**** Given entries
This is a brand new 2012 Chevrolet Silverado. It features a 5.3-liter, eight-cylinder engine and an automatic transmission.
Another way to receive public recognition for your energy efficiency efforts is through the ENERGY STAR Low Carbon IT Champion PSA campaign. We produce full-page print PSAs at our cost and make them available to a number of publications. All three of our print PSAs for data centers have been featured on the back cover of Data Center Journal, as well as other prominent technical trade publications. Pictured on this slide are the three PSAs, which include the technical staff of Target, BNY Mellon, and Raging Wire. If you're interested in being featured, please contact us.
********
**** Given entries
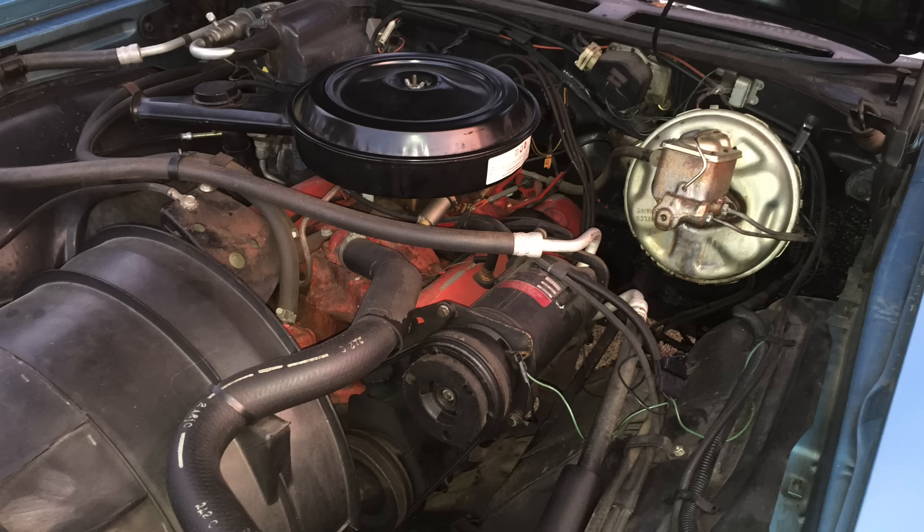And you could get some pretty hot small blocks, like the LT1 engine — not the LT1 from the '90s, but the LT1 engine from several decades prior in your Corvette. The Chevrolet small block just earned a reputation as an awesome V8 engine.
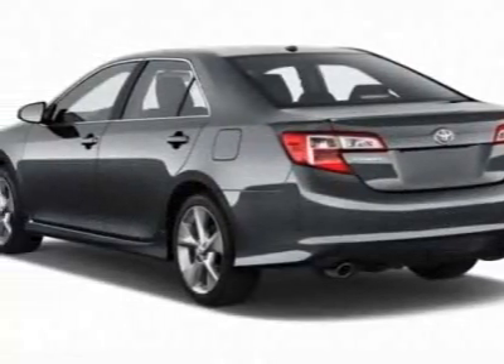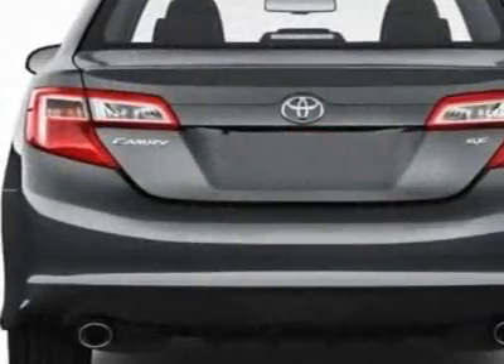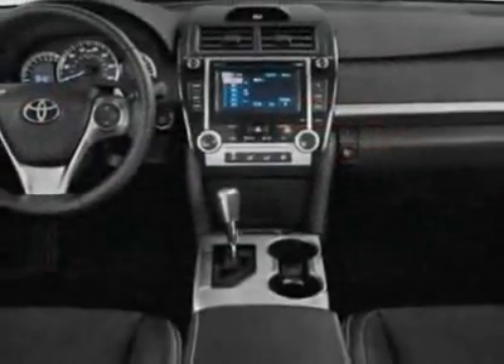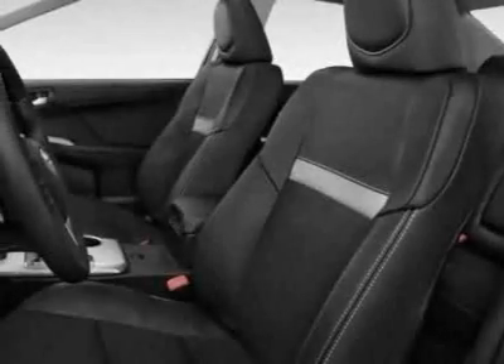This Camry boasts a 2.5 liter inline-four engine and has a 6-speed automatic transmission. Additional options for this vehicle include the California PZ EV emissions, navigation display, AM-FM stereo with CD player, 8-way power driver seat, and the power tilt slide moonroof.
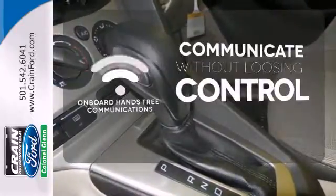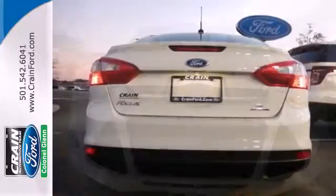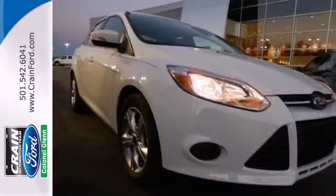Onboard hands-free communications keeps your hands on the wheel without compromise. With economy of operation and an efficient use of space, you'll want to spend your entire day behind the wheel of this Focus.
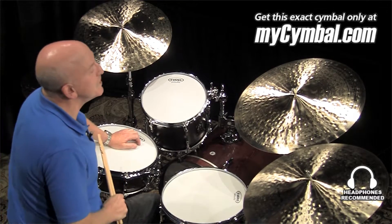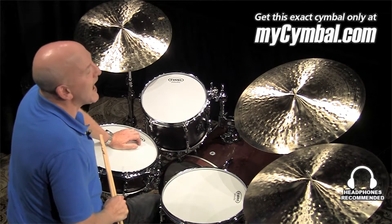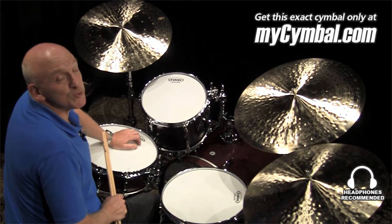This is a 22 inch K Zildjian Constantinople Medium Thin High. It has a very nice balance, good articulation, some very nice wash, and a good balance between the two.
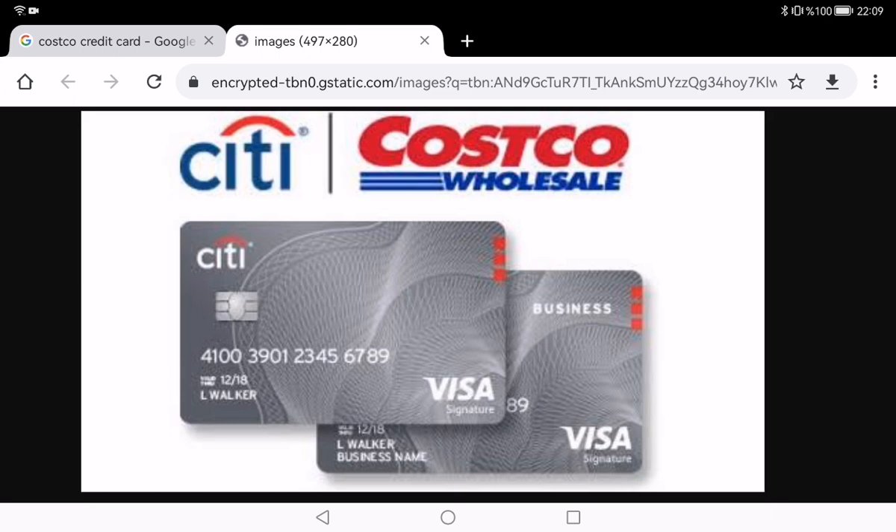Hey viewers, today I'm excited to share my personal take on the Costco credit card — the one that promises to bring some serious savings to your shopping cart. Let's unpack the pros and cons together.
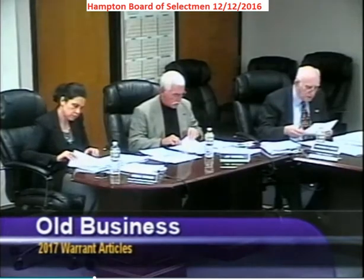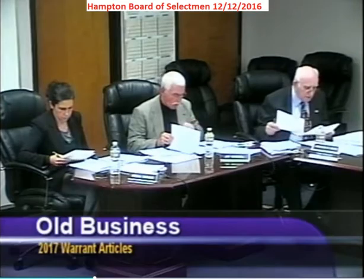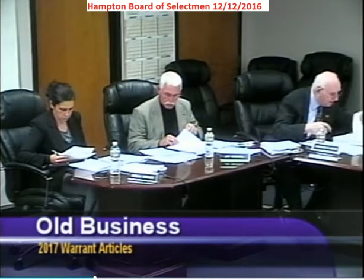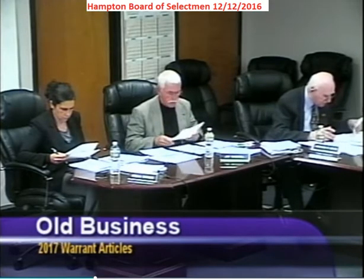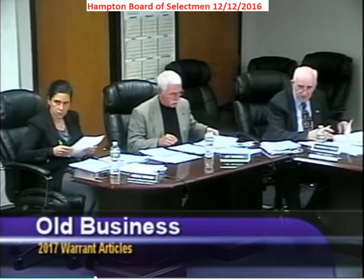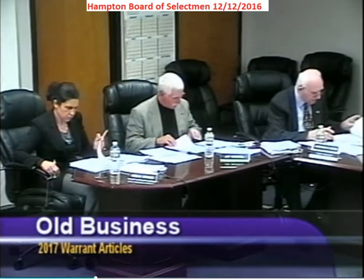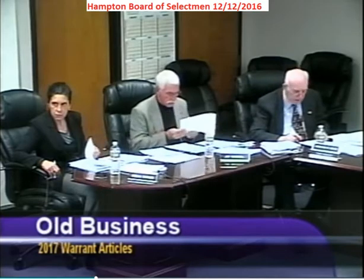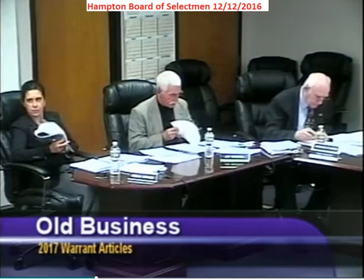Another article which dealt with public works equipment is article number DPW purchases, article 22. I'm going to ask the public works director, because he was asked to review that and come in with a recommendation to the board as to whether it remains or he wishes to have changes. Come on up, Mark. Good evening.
********
**** Given entries
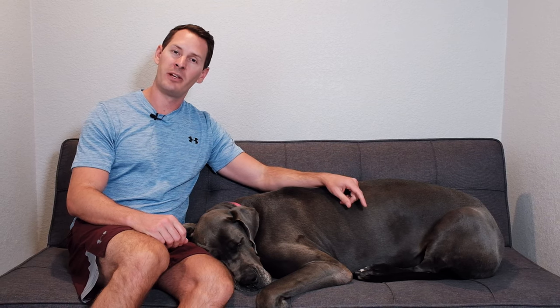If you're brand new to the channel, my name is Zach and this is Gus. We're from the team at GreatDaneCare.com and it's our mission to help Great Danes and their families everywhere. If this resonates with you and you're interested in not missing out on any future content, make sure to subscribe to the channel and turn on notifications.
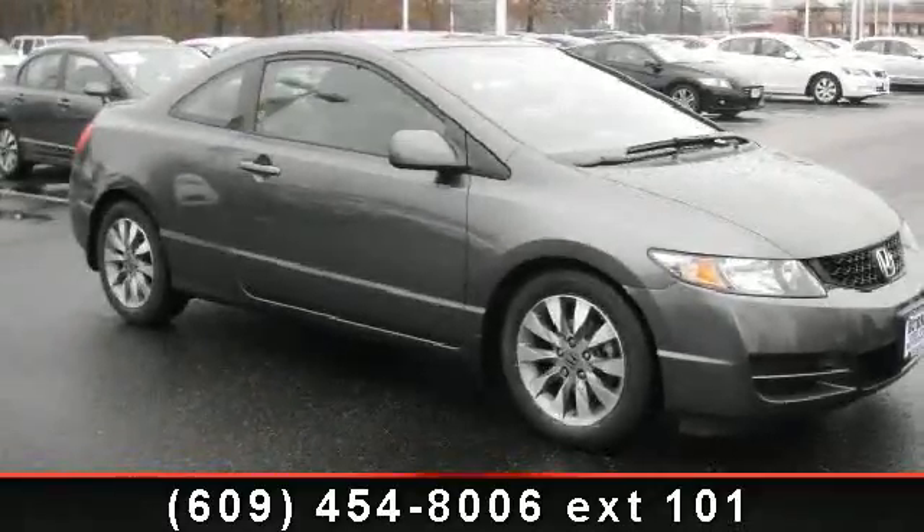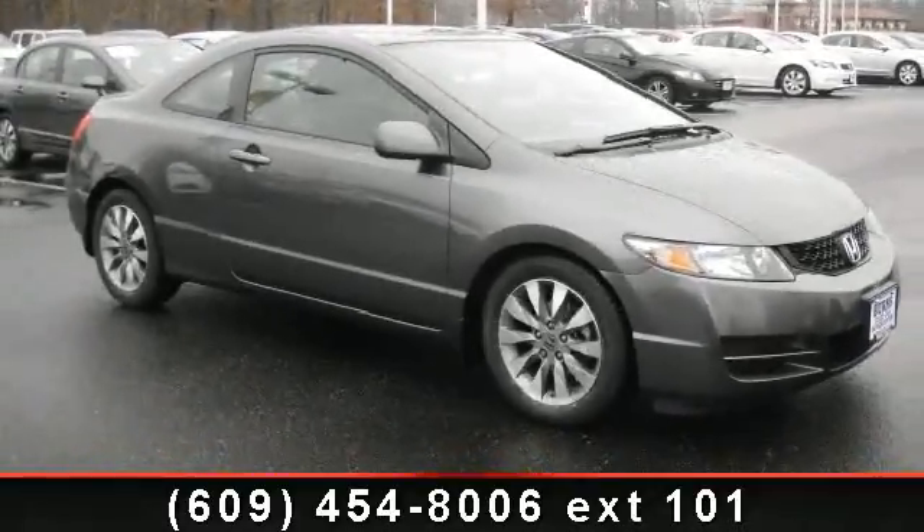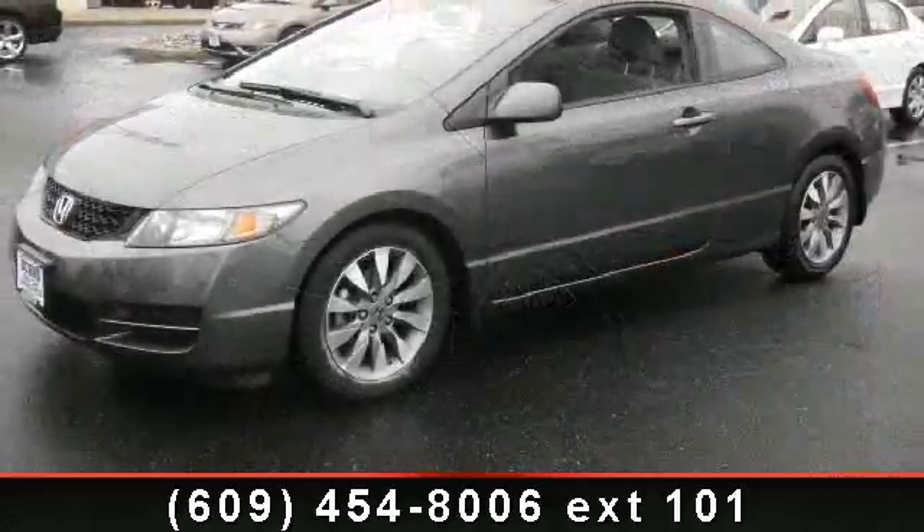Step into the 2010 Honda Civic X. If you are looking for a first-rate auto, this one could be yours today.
********
What needs to be done: In the data above, find the line with "Hey viewers, today" and the line with "Another article which". Please copy exactly those two lines and every line between them, but not the pictures.

Your response:
Hey viewers, today I'm excited to share my personal take on the Costco credit card — the one that promises to bring some serious savings to your shopping cart. Let's unpack the pros and cons together.
Another article which dealt with public works equipment is article number DPW purchases, article 22. I'm going to ask the public works director, because he was asked to review that and come in with a recommendation to the board as to whether it remains or he wishes to have changes. Come on up, Mark. Good evening.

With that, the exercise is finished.